[Exercise]
Write the records out again without change. Leave the pictures behind.

(Stored entries)
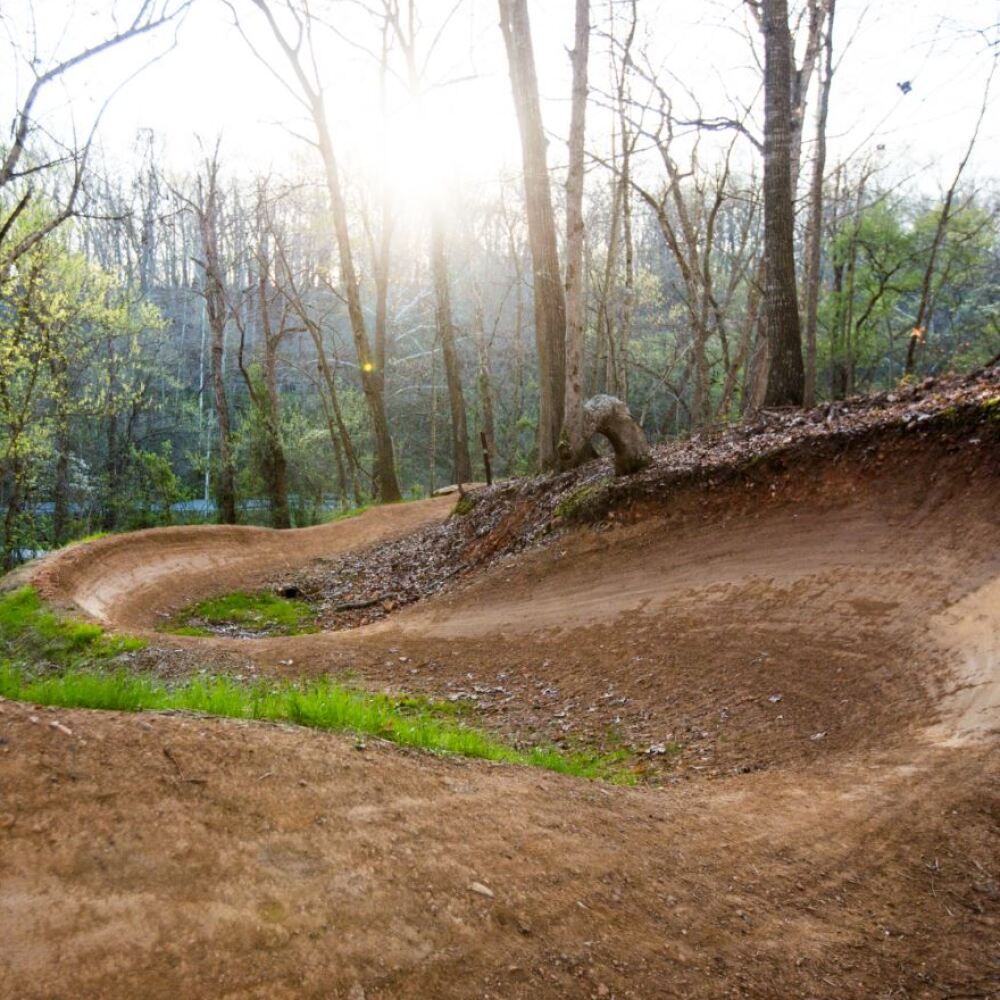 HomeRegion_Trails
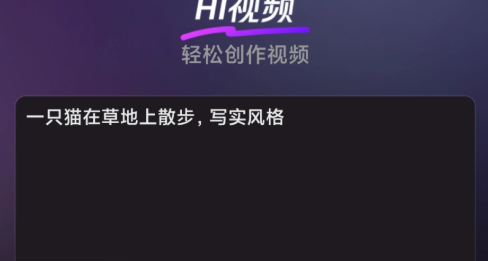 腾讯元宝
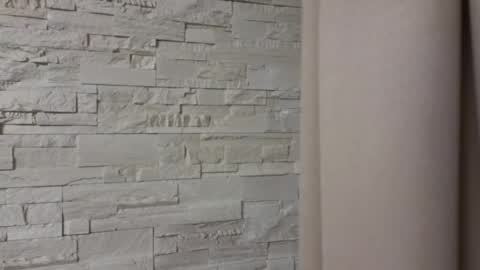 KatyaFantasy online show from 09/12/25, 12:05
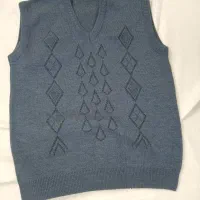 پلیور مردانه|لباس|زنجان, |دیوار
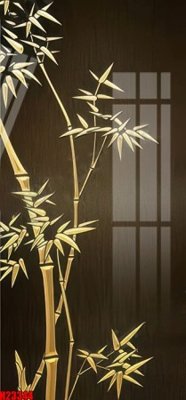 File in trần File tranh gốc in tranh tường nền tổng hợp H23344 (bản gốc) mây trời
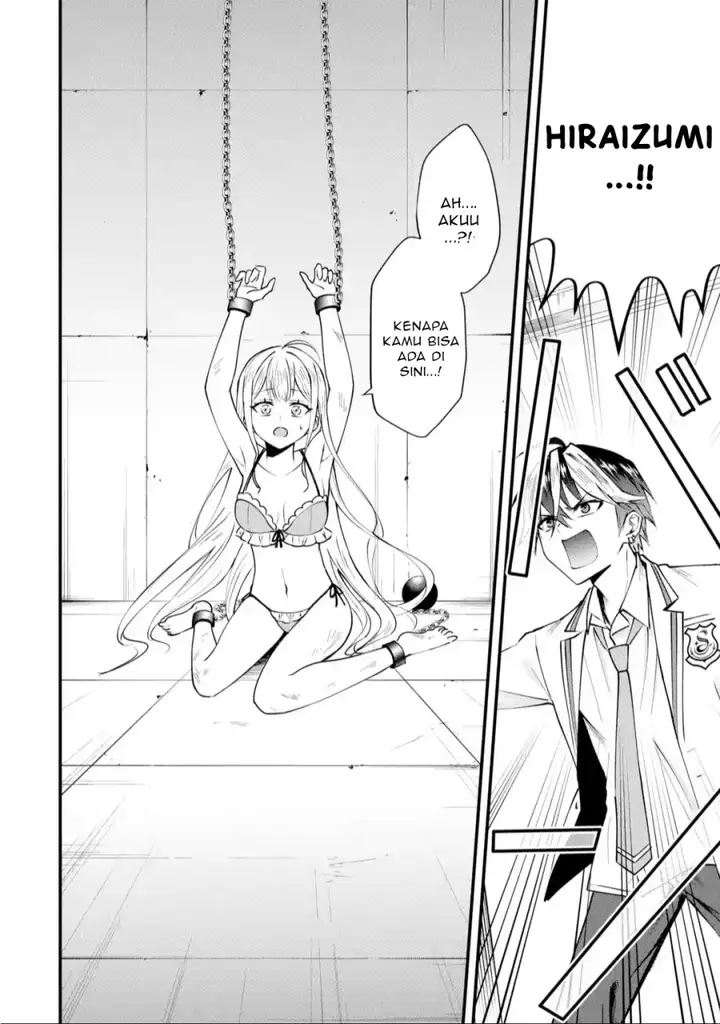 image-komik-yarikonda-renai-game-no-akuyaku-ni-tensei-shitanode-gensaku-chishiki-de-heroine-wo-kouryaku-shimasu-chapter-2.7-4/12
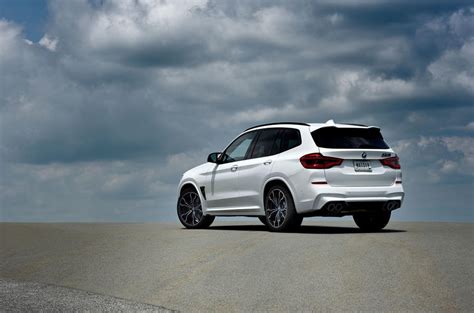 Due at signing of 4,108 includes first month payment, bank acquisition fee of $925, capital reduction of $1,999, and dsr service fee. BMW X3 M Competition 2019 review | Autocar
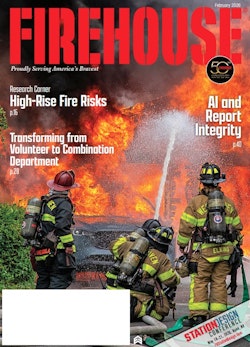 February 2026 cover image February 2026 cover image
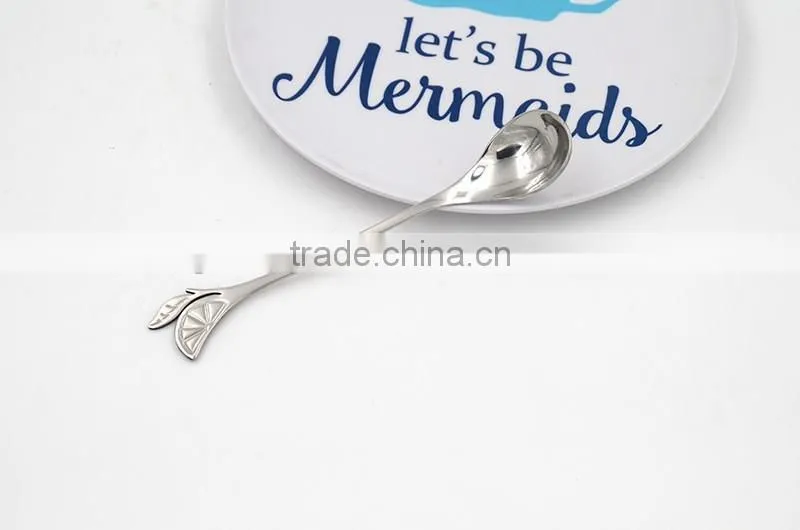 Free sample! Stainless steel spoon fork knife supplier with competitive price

[Exercise response]
 HomeRegion_Trails
 腾讯元宝
 KatyaFantasy online show from 09/12/25, 12:05
 پلیور مردانه|لباس|زنجان, |دیوار
 File in trần File tranh gốc in tranh tường nền tổng hợp H23344 (bản gốc) mây trời
 image-komik-yarikonda-renai-game-no-akuyaku-ni-tensei-shitanode-gensaku-chishiki-de-heroine-wo-kouryaku-shimasu-chapter-2.7-4/12
 Due at signing of 4,108 includes first month payment, bank acquisition fee of $925, capital reduction of $1,999, and dsr service fee. BMW X3 M Competition 2019 review | Autocar
 February 2026 cover image February 2026 cover image
 Free sample! Stainless steel spoon fork knife supplier with competitive price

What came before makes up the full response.